Work in progress
PicoVD lets you mount your RP2350 project as a read-only USB disk over USB Mass-Storage (MSC), making your Pico App to appear as a USB Memory Stick. The "files" or directories are not stored anywhere, but generated on the fly, requiring a minimal memory footprint. The code itself takes only 5–10 kB, depending on the compile-time options. PicoVD may directly expose the Pico memory contents as files, including the RP2350 BootROM flash partitions, if any, each as a separate file.
There is an API (being developed) for adding application specific files.
PicoVD is designed to be used as a library within your own Pico app, but it works also as a standalone app, running from the SRAM by default.
- Generates ExFAT files and file contents on the fly
- Supports adding your own files (work in progress)
- May expose RP2350 BootROM flash partitions, each as a read-only file (
.BIN) - May also expose the whole flash as a single
FLASH.BINfile - May expose other memory regions (ROM, SRAM) as additional
.BINfiles - Supports
STDOUT.TXTfor debugging - Tiny memory footprint
- Implements **USB Memory Stick ** using TinyUSB MSC.
Implements a strictly read-only memory stick, allowing the Pico to be removed or the Pico firmware to detach USB without the host OS complaining (much) about the memory stick having been disconnected or turned off without being ejected.

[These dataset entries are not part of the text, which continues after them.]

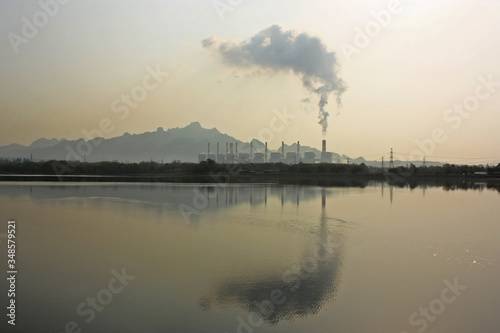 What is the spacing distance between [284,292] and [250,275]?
4.04 ft

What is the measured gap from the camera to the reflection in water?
6.92 metres

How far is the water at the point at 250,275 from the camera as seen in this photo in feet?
21.7

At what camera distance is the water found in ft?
21.7

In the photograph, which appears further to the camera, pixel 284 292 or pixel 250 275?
pixel 250 275

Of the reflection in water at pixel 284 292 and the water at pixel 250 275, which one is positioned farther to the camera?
the reflection in water at pixel 284 292

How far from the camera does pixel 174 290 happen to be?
7828 mm

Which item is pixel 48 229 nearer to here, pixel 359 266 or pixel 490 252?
pixel 359 266

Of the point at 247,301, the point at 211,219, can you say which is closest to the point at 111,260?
the point at 247,301

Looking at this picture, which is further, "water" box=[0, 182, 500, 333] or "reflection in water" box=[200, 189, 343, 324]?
"reflection in water" box=[200, 189, 343, 324]

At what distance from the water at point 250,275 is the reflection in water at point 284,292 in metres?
0.02

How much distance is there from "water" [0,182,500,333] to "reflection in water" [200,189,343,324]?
0.02m

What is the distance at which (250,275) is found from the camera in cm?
872

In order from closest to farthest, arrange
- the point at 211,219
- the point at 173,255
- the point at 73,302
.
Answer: the point at 73,302 → the point at 173,255 → the point at 211,219

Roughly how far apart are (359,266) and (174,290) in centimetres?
475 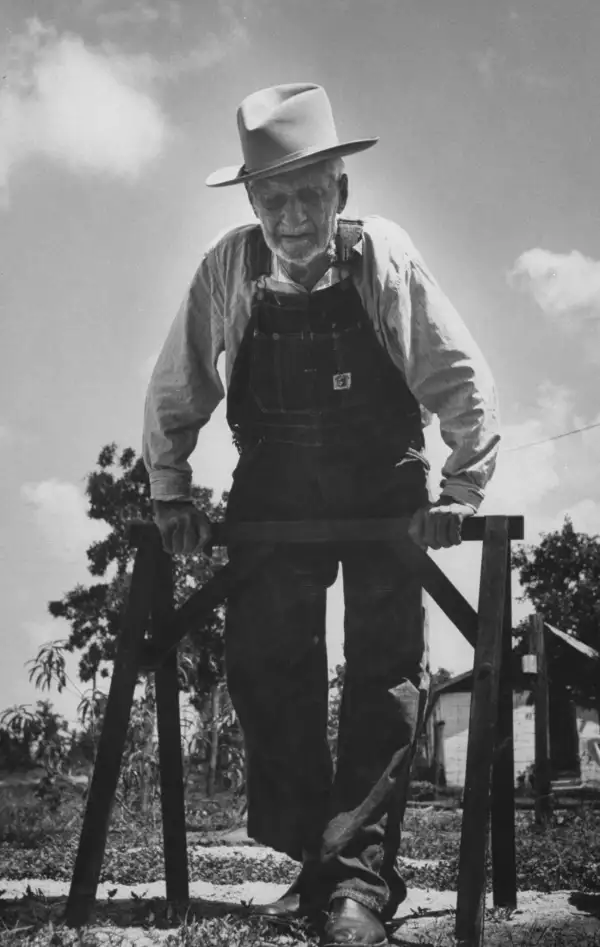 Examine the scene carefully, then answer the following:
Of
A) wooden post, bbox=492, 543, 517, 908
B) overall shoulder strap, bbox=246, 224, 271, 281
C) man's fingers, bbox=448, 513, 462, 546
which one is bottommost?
wooden post, bbox=492, 543, 517, 908

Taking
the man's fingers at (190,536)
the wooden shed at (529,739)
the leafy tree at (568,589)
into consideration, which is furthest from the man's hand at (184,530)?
the wooden shed at (529,739)

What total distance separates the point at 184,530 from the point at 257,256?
925 mm

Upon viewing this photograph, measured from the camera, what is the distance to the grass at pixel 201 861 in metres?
3.45

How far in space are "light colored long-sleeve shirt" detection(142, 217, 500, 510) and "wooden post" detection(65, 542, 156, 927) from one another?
392 millimetres

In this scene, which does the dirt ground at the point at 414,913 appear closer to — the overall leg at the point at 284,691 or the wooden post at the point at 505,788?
the wooden post at the point at 505,788

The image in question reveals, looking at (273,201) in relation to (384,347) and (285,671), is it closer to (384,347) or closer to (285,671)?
(384,347)

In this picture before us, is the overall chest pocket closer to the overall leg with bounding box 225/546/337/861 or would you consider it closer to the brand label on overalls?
the brand label on overalls

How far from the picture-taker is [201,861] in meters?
5.28

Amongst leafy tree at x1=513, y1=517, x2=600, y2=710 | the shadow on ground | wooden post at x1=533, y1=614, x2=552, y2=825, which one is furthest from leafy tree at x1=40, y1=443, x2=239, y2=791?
leafy tree at x1=513, y1=517, x2=600, y2=710

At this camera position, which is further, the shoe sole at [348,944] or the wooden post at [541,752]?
the wooden post at [541,752]

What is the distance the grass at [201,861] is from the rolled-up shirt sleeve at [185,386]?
138 cm

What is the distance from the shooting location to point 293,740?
3.80 metres

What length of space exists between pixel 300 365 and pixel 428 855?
3208 mm

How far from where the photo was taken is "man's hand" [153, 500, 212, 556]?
12.6 feet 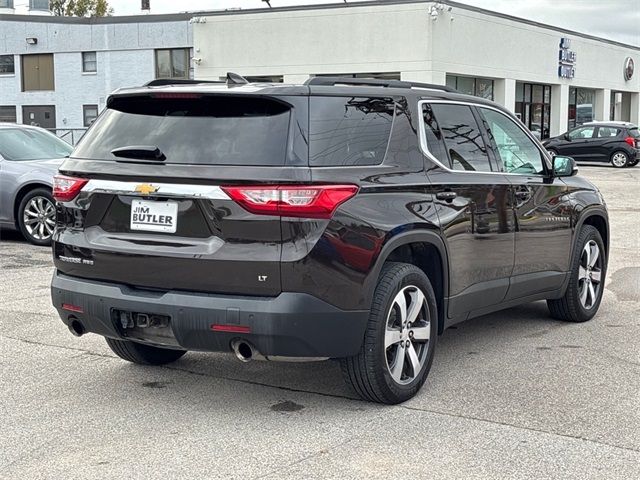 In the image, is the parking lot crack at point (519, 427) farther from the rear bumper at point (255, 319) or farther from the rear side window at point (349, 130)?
the rear side window at point (349, 130)

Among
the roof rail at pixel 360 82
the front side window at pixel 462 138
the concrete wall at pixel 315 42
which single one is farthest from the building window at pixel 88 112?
the roof rail at pixel 360 82

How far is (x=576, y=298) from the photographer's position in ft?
23.1

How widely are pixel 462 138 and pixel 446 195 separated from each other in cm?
61

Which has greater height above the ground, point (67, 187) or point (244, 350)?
point (67, 187)

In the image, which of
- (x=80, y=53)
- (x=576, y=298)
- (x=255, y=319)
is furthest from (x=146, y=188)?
(x=80, y=53)

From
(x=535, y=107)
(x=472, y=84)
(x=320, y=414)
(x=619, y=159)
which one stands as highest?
(x=472, y=84)

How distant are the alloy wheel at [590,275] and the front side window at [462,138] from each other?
5.48 feet

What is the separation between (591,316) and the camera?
734cm

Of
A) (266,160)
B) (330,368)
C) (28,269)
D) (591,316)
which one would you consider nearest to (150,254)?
(266,160)

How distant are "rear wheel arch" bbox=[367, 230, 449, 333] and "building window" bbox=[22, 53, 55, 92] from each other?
4117 cm

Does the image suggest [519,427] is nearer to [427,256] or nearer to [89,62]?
[427,256]

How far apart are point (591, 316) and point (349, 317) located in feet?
11.2

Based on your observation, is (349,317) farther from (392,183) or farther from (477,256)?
(477,256)

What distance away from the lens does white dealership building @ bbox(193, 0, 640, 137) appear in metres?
31.6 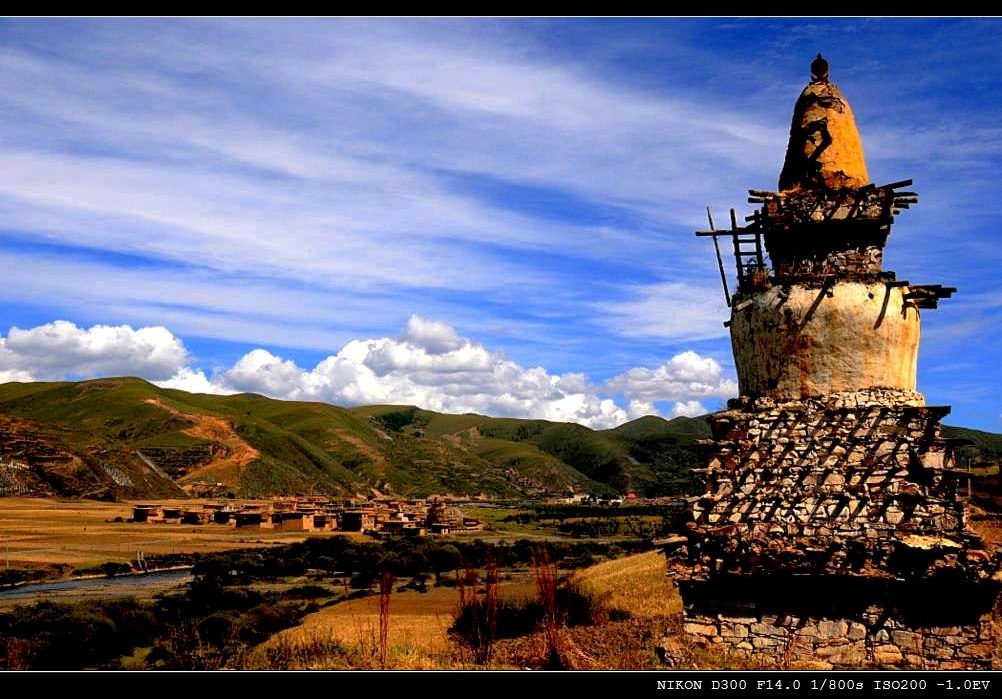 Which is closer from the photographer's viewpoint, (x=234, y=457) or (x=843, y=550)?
(x=843, y=550)

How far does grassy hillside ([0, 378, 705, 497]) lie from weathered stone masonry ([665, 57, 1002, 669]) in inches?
2755


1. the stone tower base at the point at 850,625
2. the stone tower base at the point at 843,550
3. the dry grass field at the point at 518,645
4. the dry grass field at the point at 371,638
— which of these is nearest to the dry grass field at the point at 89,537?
the dry grass field at the point at 371,638

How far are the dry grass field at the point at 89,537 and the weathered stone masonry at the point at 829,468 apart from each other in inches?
1347

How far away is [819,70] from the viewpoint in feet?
46.9

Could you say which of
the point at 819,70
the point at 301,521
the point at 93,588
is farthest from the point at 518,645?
the point at 301,521

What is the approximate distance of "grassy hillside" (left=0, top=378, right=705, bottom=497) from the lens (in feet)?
283

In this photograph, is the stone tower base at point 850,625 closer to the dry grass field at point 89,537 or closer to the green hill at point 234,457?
the dry grass field at point 89,537

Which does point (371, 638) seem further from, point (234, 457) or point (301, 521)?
point (234, 457)

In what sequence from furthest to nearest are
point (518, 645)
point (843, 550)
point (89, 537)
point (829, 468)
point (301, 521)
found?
point (301, 521), point (89, 537), point (518, 645), point (829, 468), point (843, 550)

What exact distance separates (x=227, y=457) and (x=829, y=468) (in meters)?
118

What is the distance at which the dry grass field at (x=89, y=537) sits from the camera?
41.2 m

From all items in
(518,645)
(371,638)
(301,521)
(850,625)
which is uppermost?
(850,625)

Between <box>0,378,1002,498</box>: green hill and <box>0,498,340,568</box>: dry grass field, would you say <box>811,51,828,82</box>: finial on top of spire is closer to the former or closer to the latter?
<box>0,498,340,568</box>: dry grass field

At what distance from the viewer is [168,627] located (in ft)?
74.9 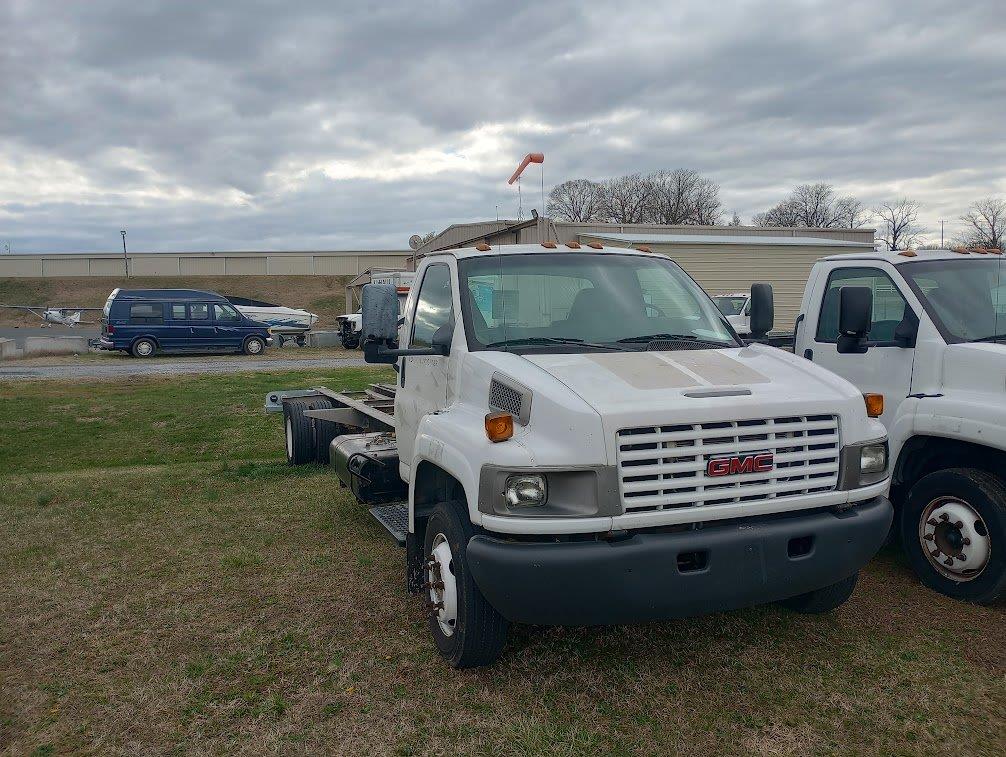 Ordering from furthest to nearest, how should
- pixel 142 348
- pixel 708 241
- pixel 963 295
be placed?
pixel 142 348
pixel 708 241
pixel 963 295

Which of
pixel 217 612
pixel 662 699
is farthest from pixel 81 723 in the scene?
pixel 662 699

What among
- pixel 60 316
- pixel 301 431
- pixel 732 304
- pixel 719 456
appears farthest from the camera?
pixel 60 316

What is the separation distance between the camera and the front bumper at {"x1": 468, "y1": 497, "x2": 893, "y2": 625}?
328 cm

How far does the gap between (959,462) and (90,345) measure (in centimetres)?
2887

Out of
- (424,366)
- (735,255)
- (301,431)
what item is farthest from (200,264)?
(424,366)

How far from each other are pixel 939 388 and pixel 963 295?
2.68ft

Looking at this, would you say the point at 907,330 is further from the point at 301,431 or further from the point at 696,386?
the point at 301,431

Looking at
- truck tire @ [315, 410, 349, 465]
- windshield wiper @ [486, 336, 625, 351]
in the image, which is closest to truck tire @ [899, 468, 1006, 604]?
windshield wiper @ [486, 336, 625, 351]

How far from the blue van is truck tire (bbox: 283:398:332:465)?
1958cm

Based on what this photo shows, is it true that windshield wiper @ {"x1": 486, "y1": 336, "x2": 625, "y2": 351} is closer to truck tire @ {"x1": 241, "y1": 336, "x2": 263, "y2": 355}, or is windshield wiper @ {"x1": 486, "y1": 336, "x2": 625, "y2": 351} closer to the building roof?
the building roof

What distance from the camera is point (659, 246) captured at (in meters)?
24.2

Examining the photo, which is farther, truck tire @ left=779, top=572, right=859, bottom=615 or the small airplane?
the small airplane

The exFAT layer is implemented as TinyUSB MSC callbacks and largely independent from RP2350 code. Adding support for other MCUs and SDKs should be relatively straigtforward.
- Generates a Virtual exFAT disk
Generates an exFAT disk image on the fly, requiring only a few kilobytes of program memory and less than a kilobyte of SRAM. Depending on compile time options, the sram usage can be scaled down to about two hundred bytes (other than stack), if you leave out all the included file examples and just implement your own file.
NB. At this point, PicoVD does not support subfolders. All files must be placed in the root directory. However, nothing prevents one from extending the code to support subfolders.
- Provides compile-time and run-time APIs for files
Implements an API (WIP, not ready yet) that allow files to defined either at compile-time or at run-time.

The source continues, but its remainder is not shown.